LATAM sees air cargo revenues fall as South American economies continue to struggle

LATAM recorded declines in air cargo revenues and volumes during the second quarter as it faced difficult economic conditions in South America.
The newly rebranded airline group saw second-quarter cargo revenues decline by 21.3% to $334m compared with a year earlier as a result of a 12.5% decline in traffic to 919m revenue ton km (RTK).
Yield based on RTK was down to 21.95 cents against 23.22 during the same period last year.
 
“During the quarter, cargo traffic was impacted by an eight day strike at the Customs Office in Santiago, which stopped cargo traffic in Chile during this period,” it said.
“Additionally, cargo demand remained weak, especially in the Brazilian domestic and international market.
“Pressures on cargo yields continued during the quarter, mainly as a result of the competitive scenario, the depreciation of local currencies, mainly the Brazilian Real and the Euro, and a lower cargo fuel surcharge related to the drop in fuel prices.
“As a result, cargo revenues per available ton km (ATK) of the second quarter declined 20.2% as compared to the same quarter of the previous year.”

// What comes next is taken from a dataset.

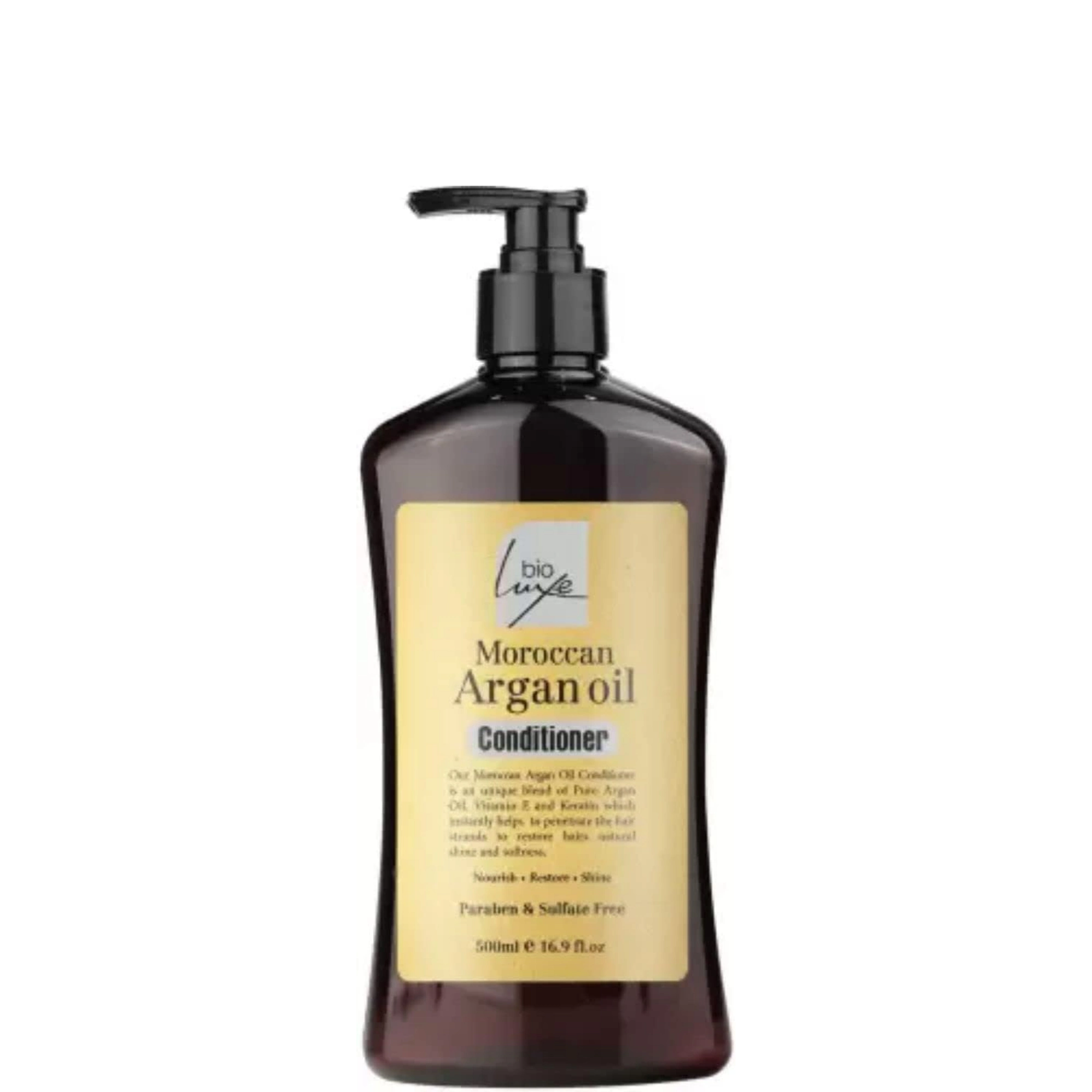bioluxe conditioner Argan oil 500ml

To help offset the decline in traffic, the airline reduced capacity during the period by 1.2% against last year to 1.7bn ATK. This decline includes a 7.1% reduction in freighter capacity.
At the end of last year, the group announced plans to lease out three Boeing 767-300 freighters as a strategy to maximise belly capacity in the passenger fleet begins to bite.
The three 767-300Fs – the group has nine such freighters – are bound for “another company operating in a different market for a period of three years”, which indicates that the aircraft are being placed outside Latin America.
The capacity reduction was not enough to offset demand declines and as a result load factor slipped to 52.8% compared with 59.5% during the second quarter of 2014.

It was also a difficult quarter for the overall airline group as revenues declined by 20.8% to $2.4bn and although net income improved, it still recorded a loss of $49.7m.
The revenue results reflected the weak macroeconomic conditions in Brazil and significant devaluations of Latin American currencies.
Profits benefitted from the company’s cost saving plan and a 34.3% reduction in fuel costs.